Two Writers Who Influenced Me

Many, many years ago, when I was a teenager and was starting to take the idea of becoming a writer seriously, there were a couple of writers who I admired more than others. I tried to read everything I could get by these two, and they came to have an influence on what and how I wrote.

H.P. Lovecraft

It's become a cliche' today to be influenced by Lovecraft, but back in the 70s he was not nearly so well known as he is now. The only editions of his writings were the Arkham House paperbacks, which I read as soon as each one came out.

What appealed to me was the atmosphere Lovecraft created, and the overwhelming sense of dread of the world around you. His imagination created the most unusual creatures, alien beings from galaxies far away, creatures that sounded absurd and just a bit comical if you took the descriptions out of context, but by the sheer power of his writing, made them terrifying- so terrifying they could drive you mad, which often happened in his stories.

What was also so unique about his writing was his concept of a cosmically indifferent universe. These bizarre creatures weren't evil, they just were. They didn't care about humankind one way or another, but if humanity happened to get in their way- oh well! They weren't gods who demanded obedience, but in humankind's limited perception, that's how they were seen.

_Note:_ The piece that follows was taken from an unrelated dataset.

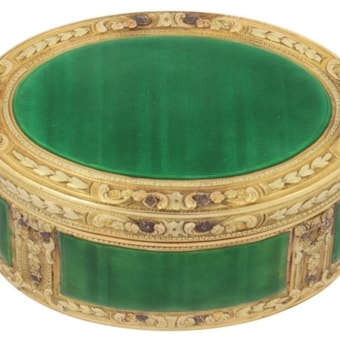 Oval Hanau snuff box made of 3-coloured gold with green guilloché enamel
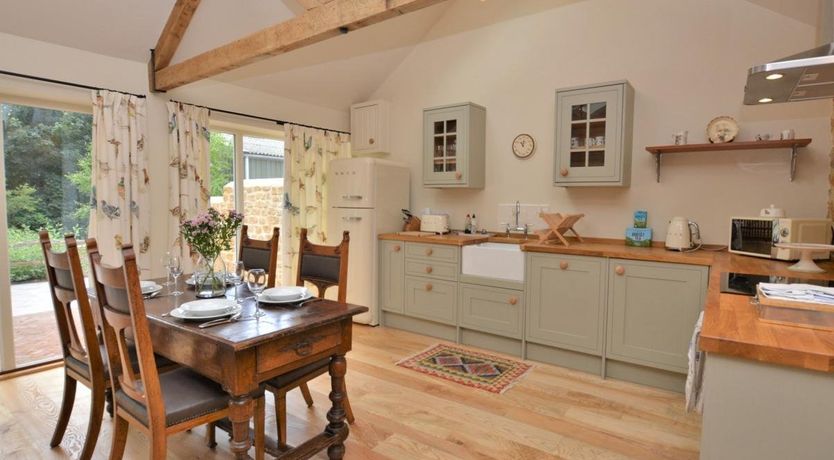 Photo of 2 Bed in Stoke Abbott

These concepts boggled my mind. Today, Lovecraft is more popular than he's ever been. There are websites, publications, even conventions celebrating his work. I'm glad he's getting the recognition he's due, but I'm also jealous that he's not my secret discovery any more.

I'm working on a Lovecraftian story of my own, one set in my adopted city of Portland, Oregon, in the present day. I hope one day I'll be able to give you notice of it's publication!

Ray Bradbury

I related to Bradbury not only as a writer, but as a person. He grew up in the Midwest United States in a time he considered simpler, easier, more magical, more honest, and so did I. In "Something Wicked This Way Comes," a young boy, who looks at his father as a failed man, wants to run away and join the circus. How I related to that scenario! In his short story "The Murderer" he writes of a man who rebels against the control that increasing mechanization has on his life by murdering his house. Again, how I related!

In much of Bradbury's writing there's a dread of what the future brings- a loss of freedom, a loss of choice. This speaks to me on a personal level. Bradbury also created vivid characters with a strong sense of themselves, strong feelings, passions. All this spoke to me.

I recently had my writing described as similar to Bradbury's, and that couldn't please me more. Personally, I know I'll never reach his level of storytelling, but to have his influence recognized, is gratifying.

If you're not familiar with these writers, or only know a few of their works, I highly recommend seeking out more. It'll be a journey well worth taking.